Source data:
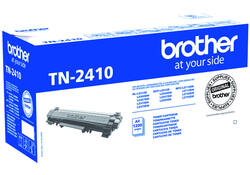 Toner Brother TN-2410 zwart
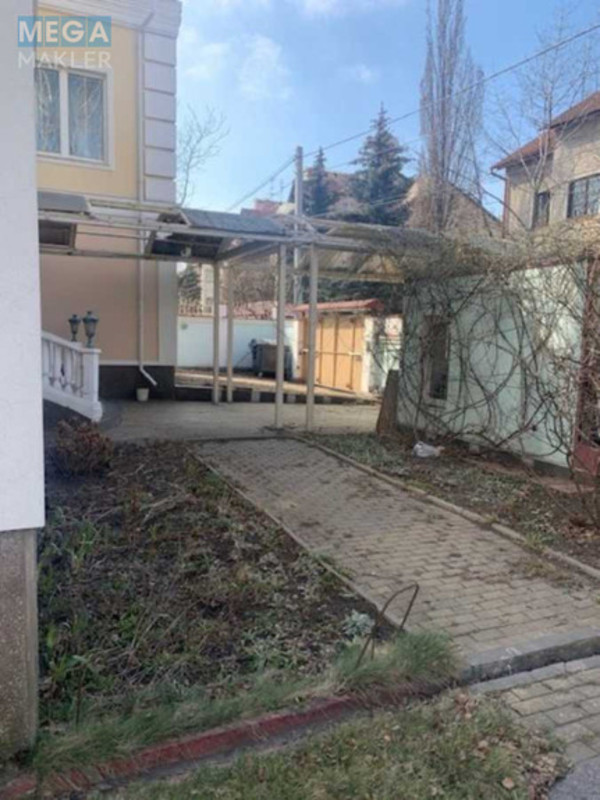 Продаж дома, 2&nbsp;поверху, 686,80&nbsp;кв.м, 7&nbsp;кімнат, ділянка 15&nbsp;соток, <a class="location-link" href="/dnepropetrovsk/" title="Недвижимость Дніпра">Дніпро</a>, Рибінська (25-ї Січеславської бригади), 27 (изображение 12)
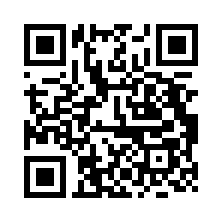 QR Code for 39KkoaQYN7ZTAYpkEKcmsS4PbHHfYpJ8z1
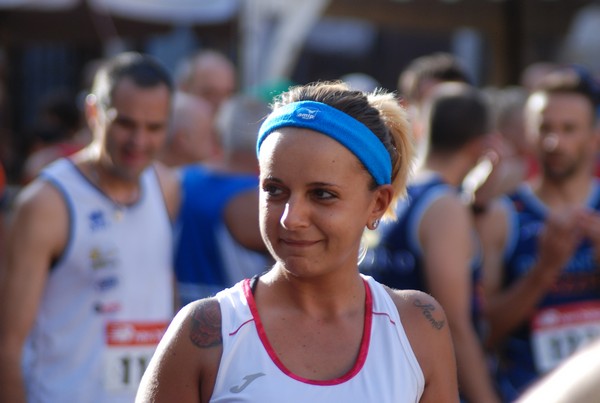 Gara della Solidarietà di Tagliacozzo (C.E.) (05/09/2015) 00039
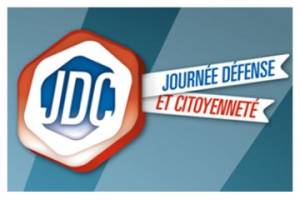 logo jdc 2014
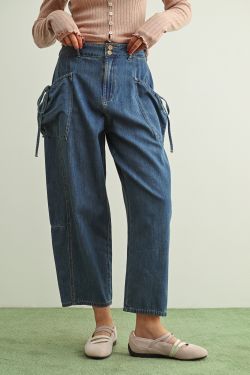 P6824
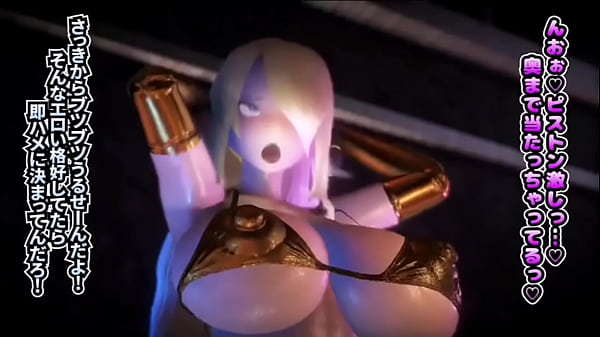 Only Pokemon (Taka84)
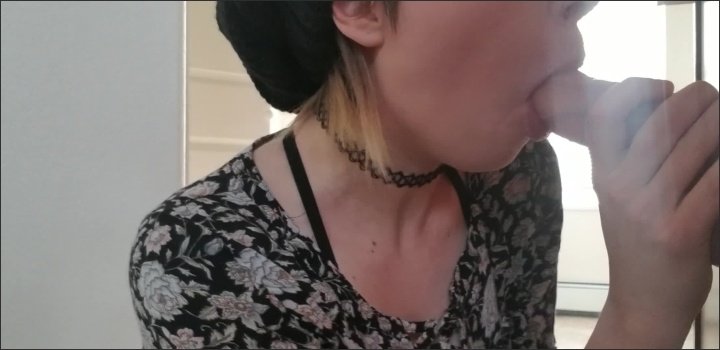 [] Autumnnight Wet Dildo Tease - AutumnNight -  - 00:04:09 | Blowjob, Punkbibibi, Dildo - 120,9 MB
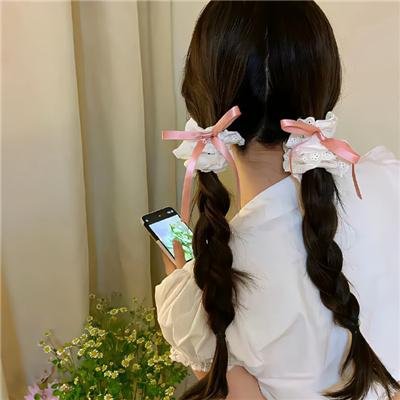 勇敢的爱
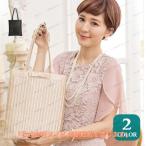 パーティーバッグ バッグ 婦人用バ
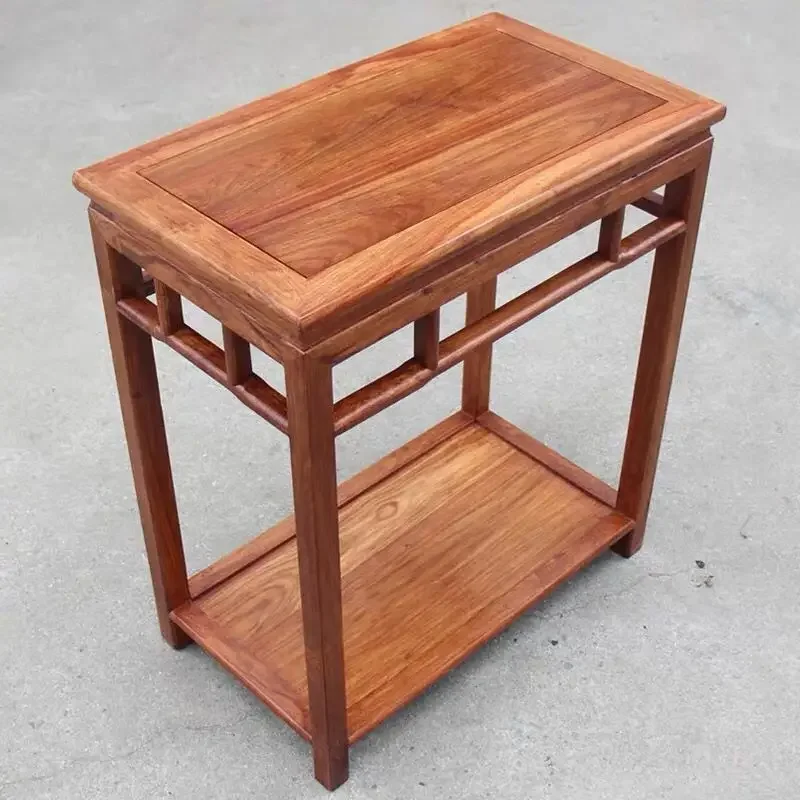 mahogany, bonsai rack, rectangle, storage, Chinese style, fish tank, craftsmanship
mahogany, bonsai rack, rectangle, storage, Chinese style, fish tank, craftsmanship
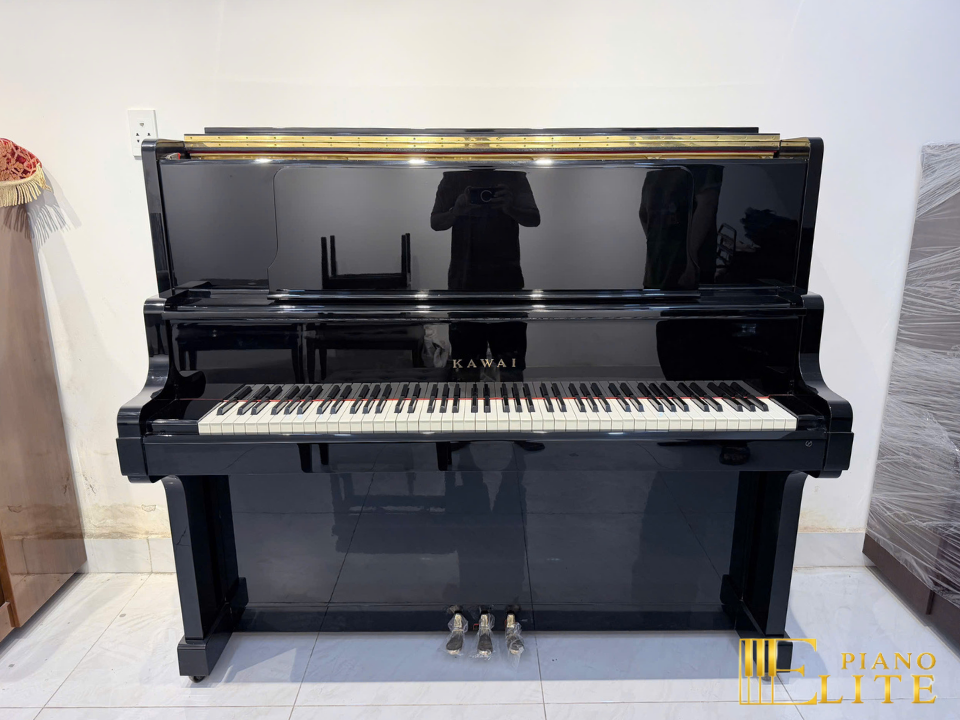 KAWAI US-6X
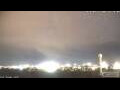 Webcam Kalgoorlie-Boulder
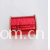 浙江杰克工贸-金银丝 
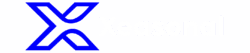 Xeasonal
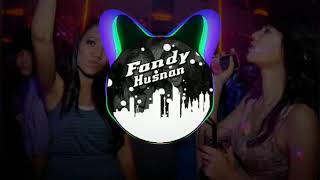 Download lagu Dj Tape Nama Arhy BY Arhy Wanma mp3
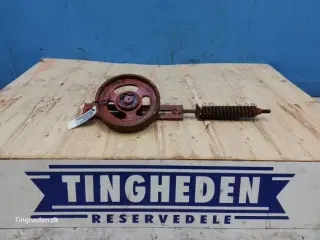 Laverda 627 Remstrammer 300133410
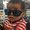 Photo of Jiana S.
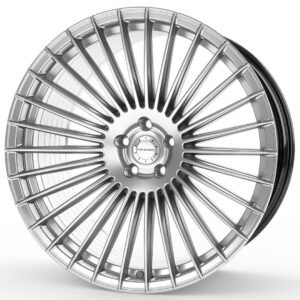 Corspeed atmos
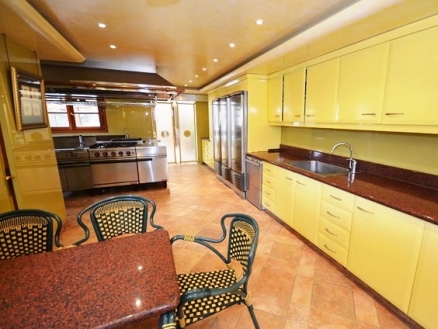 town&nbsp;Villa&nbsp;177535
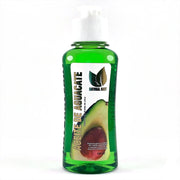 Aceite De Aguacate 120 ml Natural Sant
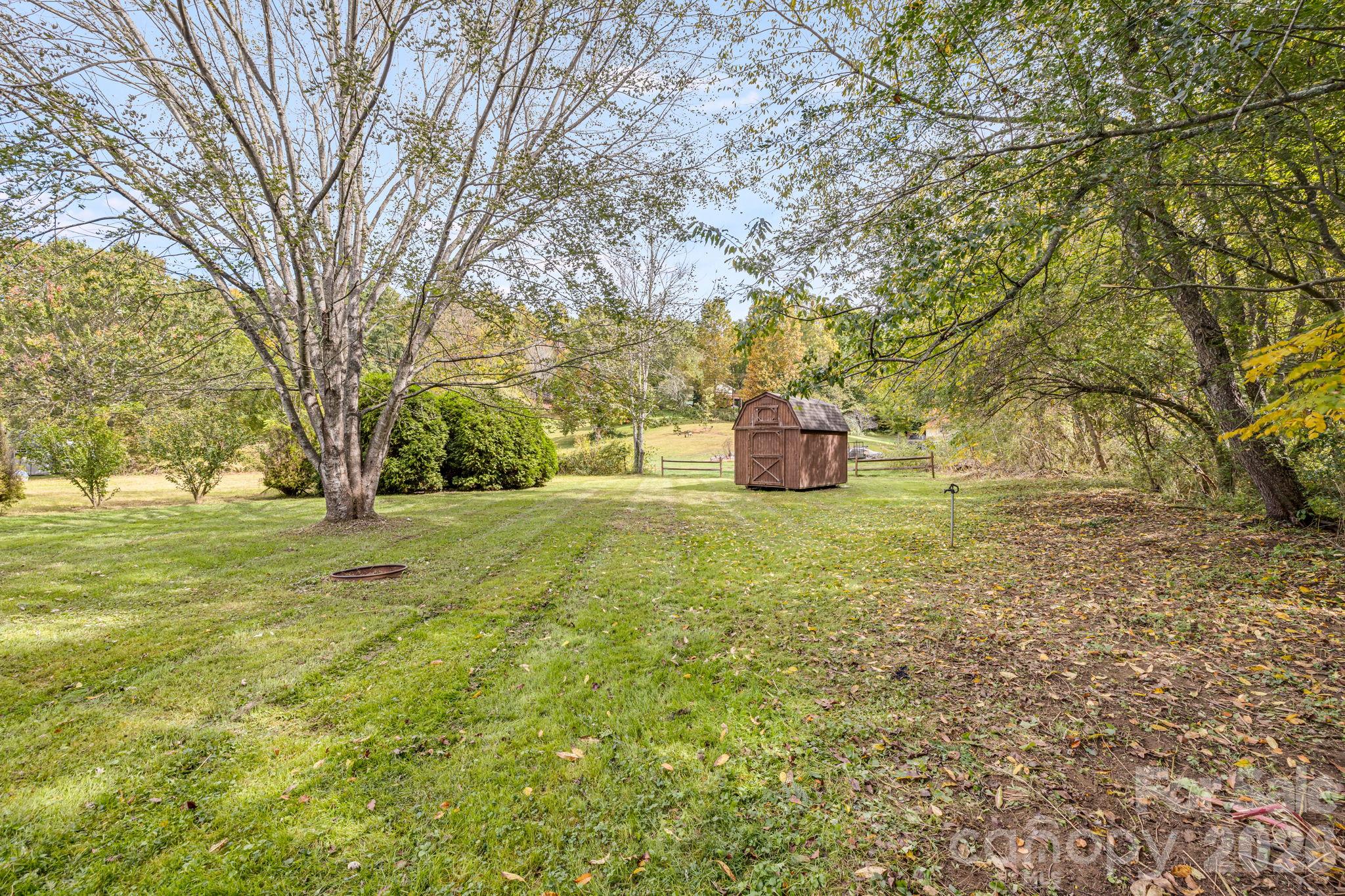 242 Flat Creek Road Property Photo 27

**Work required**
Where the line with "QR Code for" appears, begin there and transcribe exactly through the last line of the data, leaving all pictures aside.

**Solved problem**
 QR Code for 39KkoaQYN7ZTAYpkEKcmsS4PbHHfYpJ8z1
 Gara della Solidarietà di Tagliacozzo (C.E.) (05/09/2015) 00039
 logo jdc 2014
 P6824
 Only Pokemon (Taka84)
 [] Autumnnight Wet Dildo Tease - AutumnNight -  - 00:04:09 | Blowjob, Punkbibibi, Dildo - 120,9 MB
 勇敢的爱
 パーティーバッグ バッグ 婦人用バ
 mahogany, bonsai rack, rectangle, storage, Chinese style, fish tank, craftsmanship
mahogany, bonsai rack, rectangle, storage, Chinese style, fish tank, craftsmanship
 KAWAI US-6X
 Webcam Kalgoorlie-Boulder
 浙江杰克工贸-金银丝 
 Xeasonal
 Download lagu Dj Tape Nama Arhy BY Arhy Wanma mp3
 Laverda 627 Remstrammer 300133410
 Photo of Jiana S.
 Corspeed atmos
 town&nbsp;Villa&nbsp;177535
 Aceite De Aguacate 120 ml Natural Sant
 242 Flat Creek Road Property Photo 27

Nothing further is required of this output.